Wartime McCook deals with prejudice

Monday, December 10, 2001

The proposal of locating a Japanese interment camp near McCook was discussed in an editorial in the April 23, 1942, McCook Gazette. You can see by the accompanying ad of Joe Trimmer, that he was not happy with the prospect of such neighbors.

The War Department wanted to move some 125,000 Japanese from the Pacific coast country to the interior for the duration of the war. While they would be under careful guard, they wouldn't be under heavy guard and behind strong fences such as German or Italian prisoners of war. Thousands of these Japanese families were American-born or second generation who owned and farmed their own land on the West coast. Each Japanese family would occupy two acres from which they would produce their own living. "'Two acres to a family?' an anxious farmer inquired. 'You mean they will have to make a living on two acres of land?' Exactly, the government representative explained. 'Well, I'll be damned,' exclaimed the excited farmer. 'And I've been starving to death on a section.'" The editorial pointed out that the government was looking for enough land to take care of many of these Japanese and after the war, we (if we got the internment camp) would be left with "a garden spot of the thousands of acres of land which they would tend."

The editorial concluded, "There may be a lot of things not pleasant in the proposal to move the Japanese into the interior ... There are just as many objections to war itself, but it should be remembered that we do not ask for this war ... It was forced upon us. It must be remembered too, that American boys are prisoners in Japan and American mothers and fathers are anxious that they may be treated with as much consideration as are the Japanese interned in this country."

"The Bystander," in his Gazette column of April 25, 1942, commented, "A glance at history reveals that it cost millions to crown the emperor of Japan back in 1928. There are a lot of us today who'd be glad to crown the whole empire for nothing."

A related article was found on the sports page of the April 25th Gazette.

Local real estate man and a director in the Nebraska Real Estate association, Lyle A. Wiedman, released a letter he had received from the president of the association. The letter told of Greeley, Colorado's actions concerning Japanese from California who were coming to Greeley in droves to settle without restriction or regulation. His letter complained that, "one Jap wanted to buy eight farms." The Greeley real estate board had passed a resolution not to sell or rent any land or property to the Japanese and he thought Nebraska should follow suit.

The McCook Chamber of Commerce and the Republican Valley Conservation association disapproved of permitting Japanese to come into the state independently to purchase land but had gone on record as approving internment camps. "As pointed out by officers of both organizations, no one approves an influx of the Japanese unless they are concentrated in camps and under ample guard."

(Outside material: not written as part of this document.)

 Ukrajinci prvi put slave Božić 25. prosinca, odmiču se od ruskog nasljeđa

I can understand the emotion connected with the still fresh attack on Pearl Harbor at the time all this was taking place in April of 1942. I hope we've learned by now, though, that you can't lump a whole ethnic group into one enemy ... not the Japanese, the German nor the Middle Easterners. McCook, of course, did not have a Japanese population of any kind in 1942, but we did and still do, have a large population of German ancestry.

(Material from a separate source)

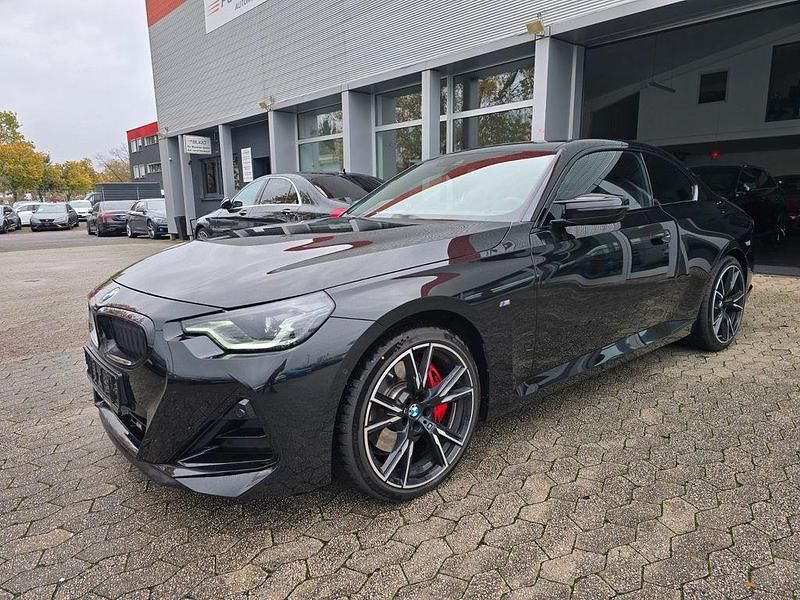 Black sapphire metallic Gebraucht 2024 BMW M240 M Sport Coupé | 49.980 € (Fairer Preis) - Bild 1/4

We were at war with Germany and Hitler as well as the Japanese. What did the editorials say about Germany? The editorial of April 28, 1942, talks about how Adolph Hitler was speaking at that time with a more somber voice. "Less than a year ago Hitler was telling the world that Germany would dominate the universe and warned that any and all who might seek to interfere would suffer annihilation ... For every bomb our enemies drop, Germany will drop 100 bombs ... For every German ship that is sunk, we will destroy three ships. But in Sunday's broadcast to the world, Hitler was not as cocky ... It was bomb for bomb Sunday, ship for ship and an eye for an eye. What will Hitler be saying to his people a year from last Sunday? And what will the German people be saying to Hitler?"

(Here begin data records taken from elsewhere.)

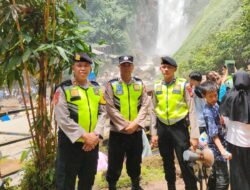 Satlantas Polres Muara Enim Perketat Keamanan Pengunjung Wisata Air Terjun Bedegung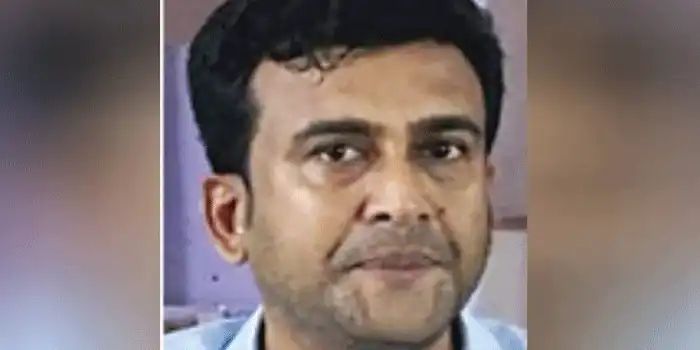 വിവാഹവാഗ്ദാനം നല്കി മുംബൈ സ്വദേശിനിയില്നിന്ന് 43 ലക്ഷം രൂപയും 5 പവനും തട്ടി; പട്ടാമ്പി സ്വദേശി അറസ്റ്റില് വിവാഹവാഗ്ദാനം നല്കി മുംബൈ സ്വദേശിനിയില്നിന്ന് 43 ലക്ഷം രൂപയും 5 പവനും തട്ടി; പട്ടാമ്പി സ്വദേശി അറസ്റ്റില്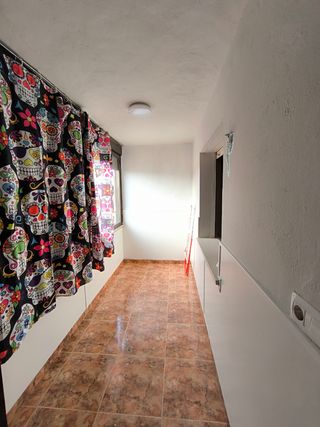 (No disponible)piso en alquiler (solo empresas)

We didn't seem to hold all German people to blame in quite the same way we did the Japanese. There were complications for Germans in McCook though during World War II, though, and some restrictions.

In looking for another bit of information, I ran across some comments that Frank Morrison made at a meeting of the McCook Rotary club in January of 1944. Morrison appealed to the men to "consider the prospects for peace negotiation without revenge, lest rancor pave the way for future wars; for individual racial tolerance in America and for partisanship without prejudice."

In a similar vein George Norris had delivered a lecture at the University of Nebraska which was published as a small book titled "Peace Without Hate" in 1943.

Norris said, "Here on our own soil we have not gone through all the agony that war brings when war advances directly to the fireside. But we also have changed in our hearts and in our soul. We feel different here at home than we once did. There is not one pattern existing today that was in existence 20 years ago. We are less divided into classes, less conscious of those barriers that formerly existed between groups here in the United States. If we are to follow our own pretensions to any degree, proclaim the standards that we ourselves have heralded to the world, we will reach the conclusion at the peace table that we will not enslave our enemies but help them to their feet."

McCook has produced absolutely wonderful role models in times of war for our young people.